Meine Titanic
- gaarz8
- 2. Apr. 2024
- 2 Min. Lesezeit
Folge 6
Der Bus quälte sich die Serpentinenstrecke über die Berge in Sardinien von einem Küstenort zum anderen. Ich war ins Plaudern gekommen mit meiner Platznachbarin, einer jungen Frau von Anfang dreißig. Sie kam aus Kanada, erzählte sie und hatte anscheinend schon viel von der Welt gesehen. Ich ja auch, damals Ende der 90er-Jahre. Wir lachten, freuten uns über kleine Anekdötchen, tauten immer mehr auf. Sie gefiel mir.

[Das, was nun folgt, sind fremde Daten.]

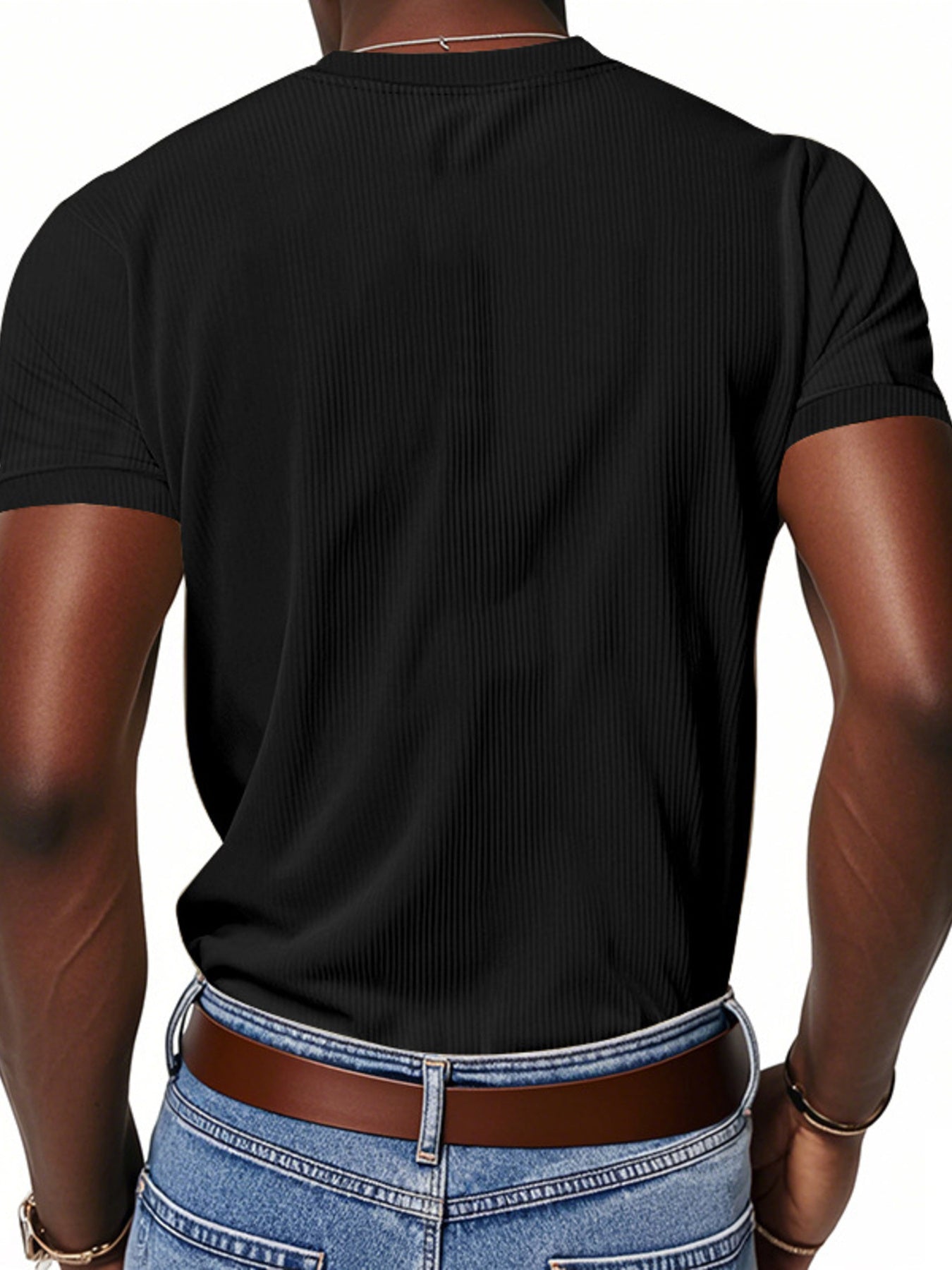 Black ribbed V-neck t-shirt with short sleeves on a man.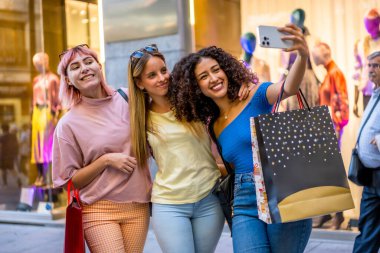 Üç farklı etnik çeşitlilikte genç kadın alışveriş merkezinde selfie çekiyorlar.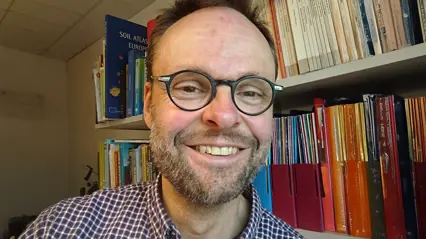 Porträtt av leende person med glasögon inomhus framför bokhylla.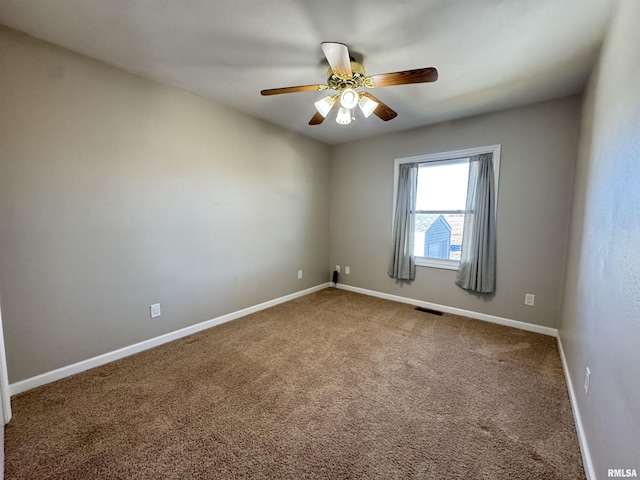 empty room featuring carpet floors and ceiling fan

Aber hübsch war sie eigentlich nicht, ein langes Gesicht, eine große Nase, dunkle Ringe unter den Augen, strähnige Haare. Doch mich faszinierte ihr fröhliches Lachen. Und ihre Augen strahlten. Aus unserer Plauderei wurde immer mehr ein Flirt-Pingpong. Wir lächelten uns an. Die Zeit verging wie im Flug.

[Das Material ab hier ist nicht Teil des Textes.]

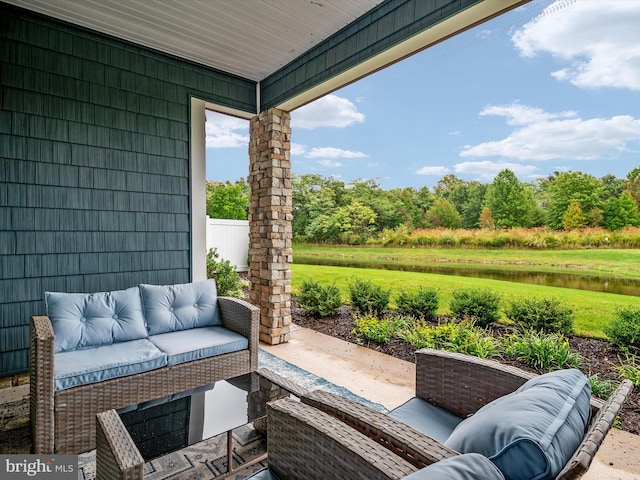 view of patio / terrace featuring a water view and an outdoor living space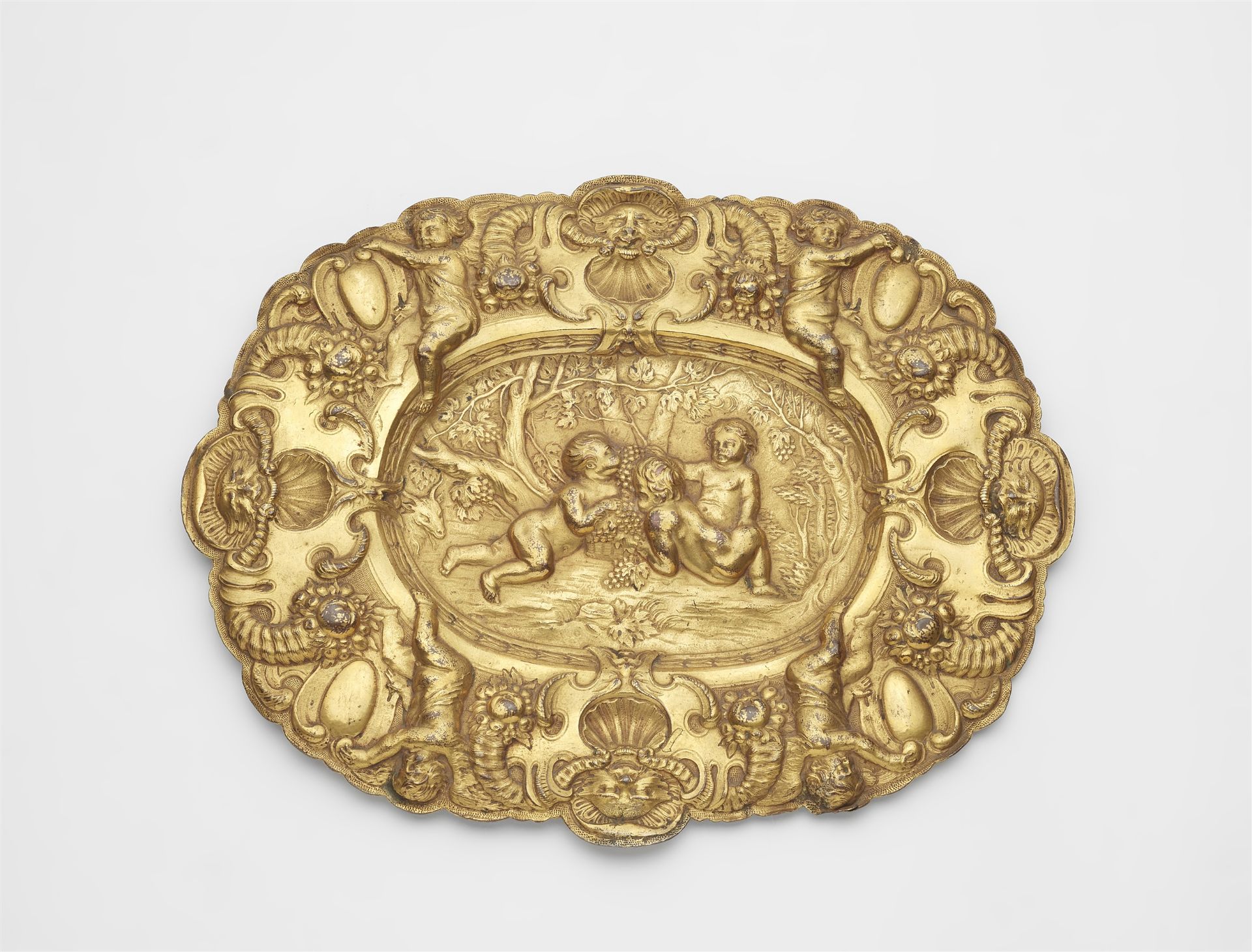 A gilt copper dish with putti as an allegory of autumn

Schließlich sah ich unser Ziel näherkommen, das luxuriöse Urlaubsresort an der Costa Smeralda. Dorthin war ich als Gast eingeladen worden. Vom Beratungskonzern McKinsey, der auf Sardinien ein weltweites Jahrestreffen machte, eine Mischung aus Urlaub, Kontaktbörse – und Wissensvermittlung in dosierten Häppchen. Mein Part war, den jungdynamischen Managertypen die Sprache eines Ernest Hemingway und eines Kurt Tucholsky näher zu bringen ("Wie baue ich interessante, kurze Sätze?").
Als "Externer" wurde ich in einem Nachbarort untergebracht und fuhr jetzt zum abendlichen Gala-Diner. Meine Busnachbarin hatte das gleiche Ziel. Und gerade wollte ich all meinen Mut zusammennehmen und sie bitten, unser nettes Gespräch als Tischnachbarn auf dem abendlichen Fest fortzusetzen ... da sah sie das Eingangstor des Urlaubsresorts und stand abrupt auf: "I'm so sorry. They are waiting for me." Dann legte sie mir die Hand auf den Arm: "It was very nice to meet you." Beim Aussteigen winkte sie mir noch einmal zu: "See you".
In der Tat sah ich sie drei Stunden später erneut, nachdem ich missmutig das Gala-Diner mit wichtigtuerischen Wirtschaftsexperten als Tischnachbarn verbracht hatte. Der Höhepunkt des Abends nahte. McKinsey hatte tief in die Tasche gegriffen. In der Mitte des Areals war ein künstlicher Teich angelegt, darauf schwamm ein Teil eines riesigen Schiffswracks mit einem großen Schornstein. Und davor auf einer kleinen Bühne stand sie – eine strahlende Schönheit in einem silbernen, hautengen Seidenkleid. Aus den struppigen Haaren war eine hinreißende Langhaarfrisur geworden.
Dann setzte die Musik ein und die weltbekannte, unnachahmliche Stimme sang vor der Kinokulisse der "Titanic" ihren Welthit "My Heart Will Go On". Und ich träume noch heute davon, dass Céline Dion diese Zeilen nur für mich sang: "You are safe in my heart / And my heart will go on and on."